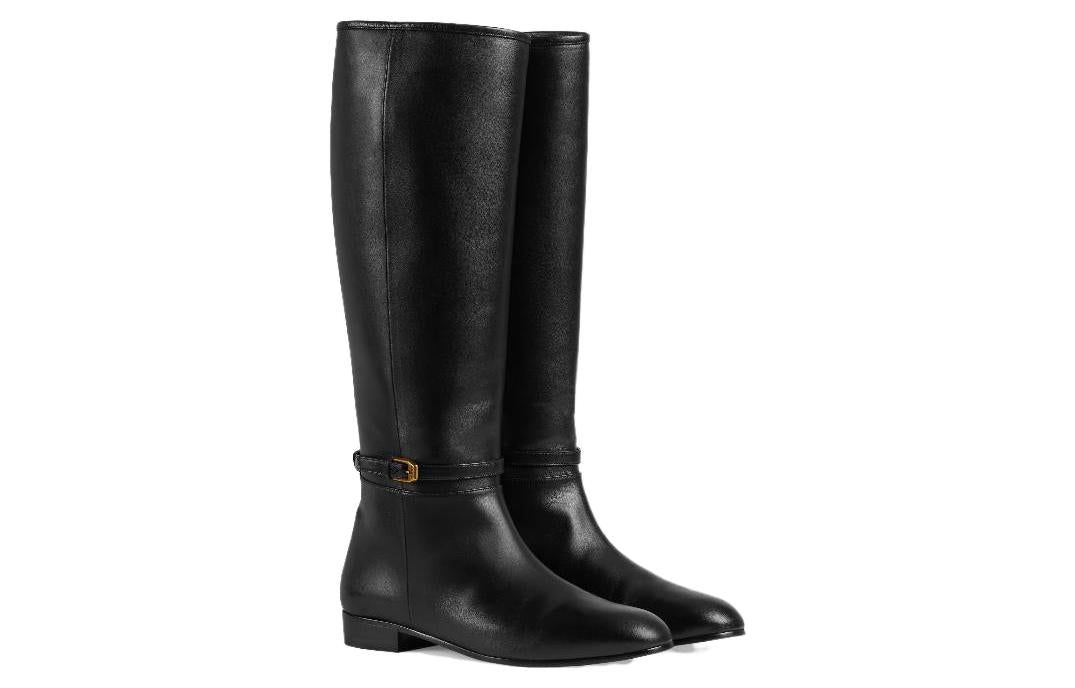 (WMNS) Gucci Knee High Leather Boots 'Black' 658889-BKO00-1000 sold by KicksCrew product image thumbnail 3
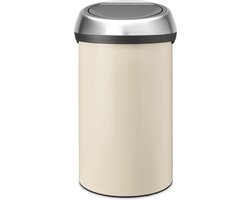Brabantia Touch Bin Prullenbak - 60 l - Soft Beige / Matt Steel deksel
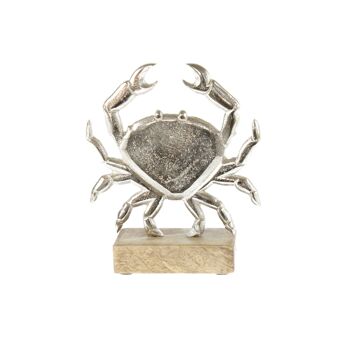 Crabe en aluminium grand, 15 x 5 x 17 cm, argent/naturel, 812880 1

+++

- **EXERCISE BRIEF**
Instruction for this listing: copy it exactly, but leave the images behind.

- **TASK SOLUTION**
 (WMNS) Gucci Knee High Leather Boots 'Black' 658889-BKO00-1000 sold by KicksCrew product image thumbnail 3
Brabantia Touch Bin Prullenbak - 60 l - Soft Beige / Matt Steel deksel
 Crabe en aluminium grand, 15 x 5 x 17 cm, argent/naturel, 812880 1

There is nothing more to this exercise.